Мир
July 22, 2022

Слово о любителях наступать на грабли

Недавно Алексей Чадаев опубликовал занятный текст, претендующий на поиск новых смыслов в новом мире. Оригинал можно прочесть здесь, рекомендую во всяком случае с ним ознакомиться, так как он в целом неплох. Проблема, как всегда, кроется в деталях, которые накапливаются и делают его посыл не просто ошибочным, а даже вредным.

Уже постановка вопроса в самом начале статьи у Чадаева не задаётся. Автор пишет:

Итак, теперь стало понятно, что существует некий субъект, являющийся держателем «площадки» под названием «современность», и регулирующий доступ к ней по своим критериям. И этот субъект не равнозначен «системе международного права» — потому что всё было сделано в обход неё. <...> Он скорее похож на одну большую «невидимую руку» по Адаму Смиту, и взаимодействует с нами именно как она. Но эта невидимость — наведённая.

Не нужно быть семи пядей ума, чтобы понять, что здесь описывается нарратив именно с точки зрения того самого "держателя современности". То есть, это не описание реального положения вещей, а только широко распространённого среди некоторых людей представления о положении вещей. Сама по себе формулировка этого представления имеет право на существование, однако дальше автор пишет следующее:

Для России сейчас развилка состоит в том, чтобы:
* либо прекратить безобразничать, разоружиться, заплатить и покаяться, уйти отовсюду, в том числе и с той земли, на которой сейчас находимся мы с вами. <...>
* либо попытаться прикинуть: а есть ли хотя бы теоретическая возможность построить альтернативную современность у себя. Такой, если хотите, реверсивный инжиниринг, или, по-русски, переизобретение современности.

Иными словами, автор берёт чьё-то представление о современности и исходя из него сразу же, без критического на него взгляда, описывает доступные альтернативы. Ну, в описанной несколькими абзацами выше логике это, конечно, всё справедливо, однако, с какой стати мы должны оставаться в этой логике?

Прочитав текст дальше, становится понятно, почему автор выбрал именно такой подход. Во-первых, он неверно определяет значение современности.
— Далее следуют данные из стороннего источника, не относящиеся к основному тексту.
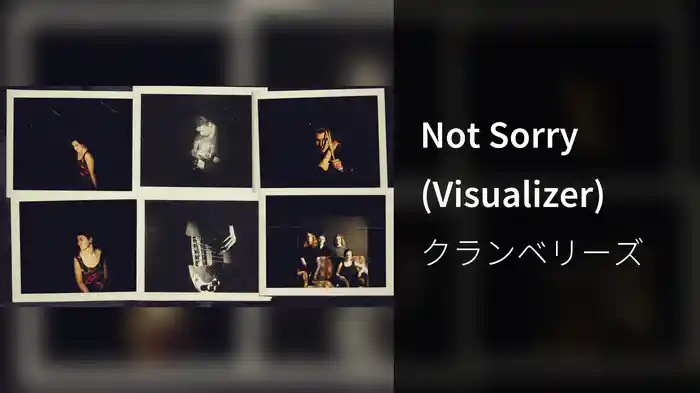 Not Sorry (Visualizer)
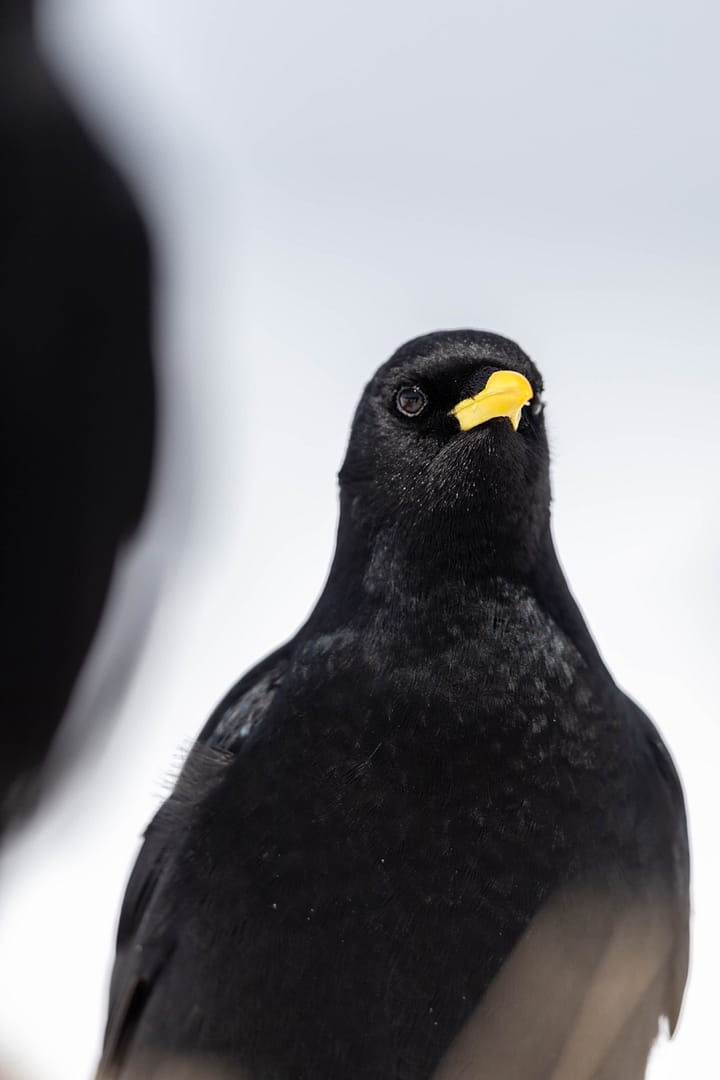 Portrait de chocard à bec jaune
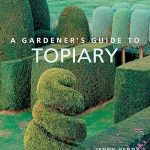 A Gardener'S Guide To Topiary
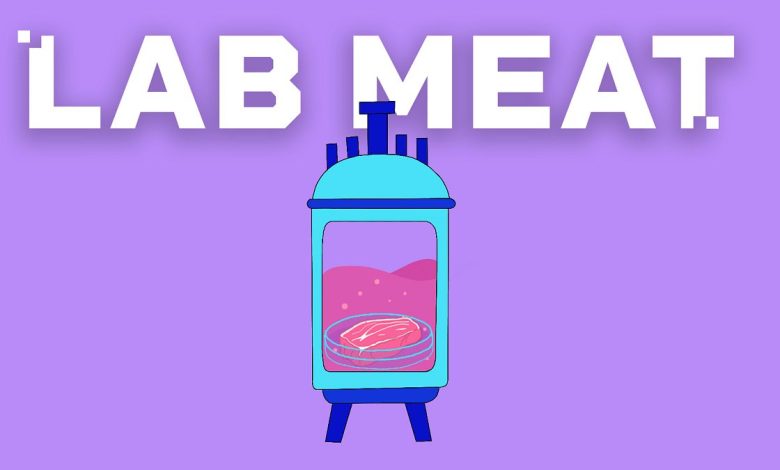 EU DECODED: Could lab-grown meat arrive in supermarkets soon?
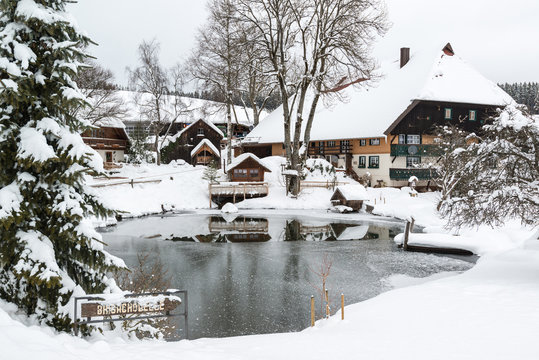 Typical black forest houses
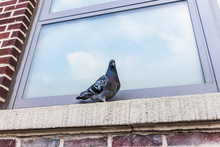 Closeup Of One Pigeon Sitting On Windowsill Of Brick Building Window In Brooklyn, NYC, New York City Urban, Funny Expression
Это неудивительно, так как он избирает своими путеводителями по этой категории труды Бодрийара и, судя по всему, прочих постмодернистов. Путеводители это ненадёжные, ибо, если кто-то вам утверждает, что ничего не имеет смысла, то в первую очередь стоит эту критику применить к ему самому. Кроме шуток, однако, постмодернистская парадигма в принципе не может быть полезным инструментом для анализа общественных процессов, так как предполагает полную автономию смыслов от реальности. Для постмодернистов любого пошива реальность она конструируется из нашего понимания, и, следовательно, реальности-то как таковой и нет, есть реальности во множественном числе, и единственное, что их объединяет, это и есть та самая синхронизация. Однако, есть нюанс: такой подход способен объяснить что угодно, но не способен что-либо предсказать - почти как марксизм, умный задним числом; любопытный умственный эксперимент, не более. Если же мы хотим получить какое-либо полезное знание, то к постмодернистам нам путь заказан.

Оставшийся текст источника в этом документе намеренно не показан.